Temporal and vertical variations of aerosol physical and chemical properties over West Africa: AMMA aircraft campaign in summer 2006

A. Matsuki, B. Quennehen, A. Schwarzenboeck, S. Crumeyrolle, H. Venzac, P. Laj, and L. Gomes

Abstract. While the Sahelian belt in West Africa stretches in the border between the global hot-spots of mineral dust and biomass burning aerosols, the presence of West African Monsoon is expected to create significant vertical and temporal variations in the regional aerosol properties through transport and mixing of particles from various sources (mineral dust, biomass burning, sulfates, sea salt).

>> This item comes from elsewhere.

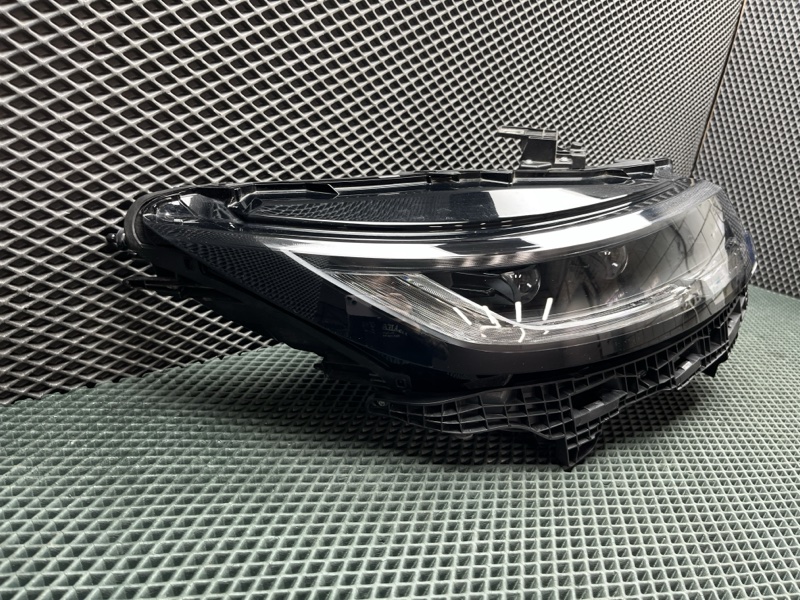 Фара Land Rover Range Rover Sport (L461, 2025г.)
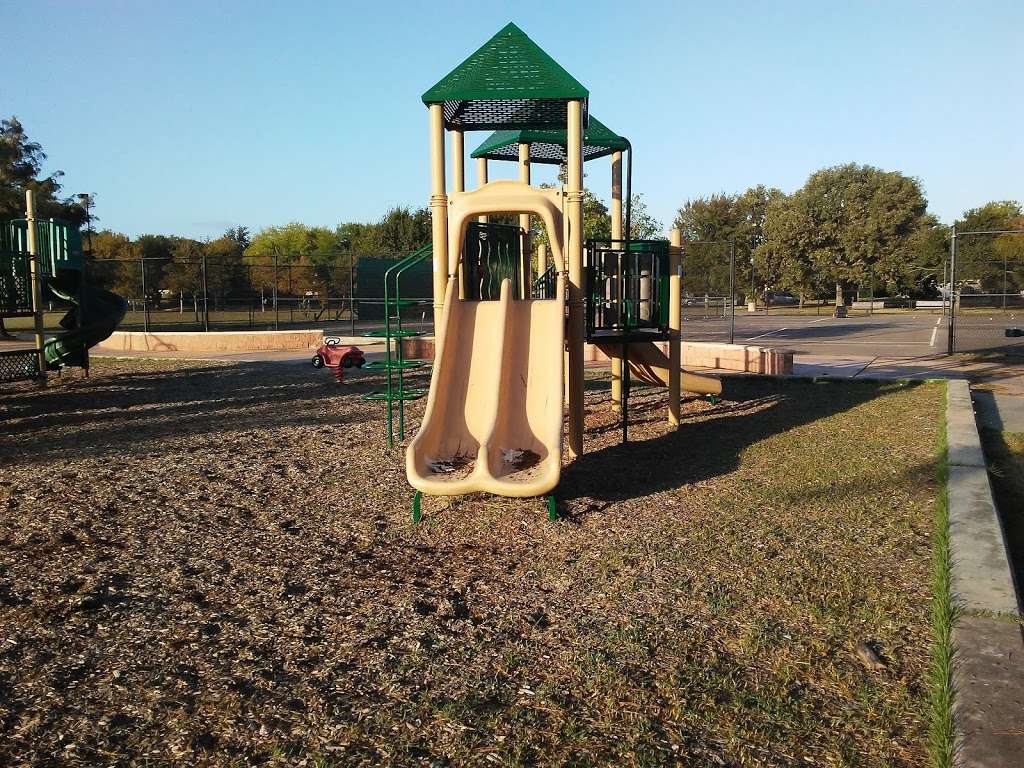 Gail Reeves Park | 8800 Mullins Dr, Houston, TX 77096, USA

In order to improve our understanding of the evolution of the aerosol-cloud system over such region across the onset of the summer monsoon, the French ATR-42 research aircraft was deployed in Niamey, Niger (13°30' N, 02°05' E) in summer 2006, during the three special observation periods (SOPs) of the African Monsoon Multidisciplinary Analysis (AMMA) project. These three SOPs covered both dry and wet periods before and after the onset of the Western African Monsoon.

State of the art physico-chemical aerosol measurements on the ATR-42 showed a notable seasonal transition in averaged number size distributions where (i) the Aitken mode is dominating over the accumulation mode during the dry season preceding the monsoon arrival and (ii) the accumulation mode increasingly gained importance after the onset of the West African monsoon and even dominated the Aitken mode after the monsoon had fully developed. The parameters for the mean log-normal distributions observed in respective layers characterized by the different wind regimes (monsoon layer, SAL, free troposphere) are presented, together with the major particle compositions found in the accumulation mode particles. Thereby, results of this study should facilitate radiative transfer calculations, validation of satellite remote sensors, and detailed transport modeling by partners within and outside the AMMA community.

Extended analysis of the chemical composition of single aerosol particles by a transmission electron microscope (TEM) coupled to an energy dispersive X-ray spectrometer (EDX) revealed dominance of mineral dust (aluminosilicate) even in the submicron particle size range during the dry period, gradually replaced by prevailing biomass burning and sulfate particles, after the onset of the monsoon period. The spatial and temporal evolution from SOP1 to SOP2a1 and SOP2a2 of the particle physical and chemical properties and associated aerosol hygroscopic properties are remarkably consistent.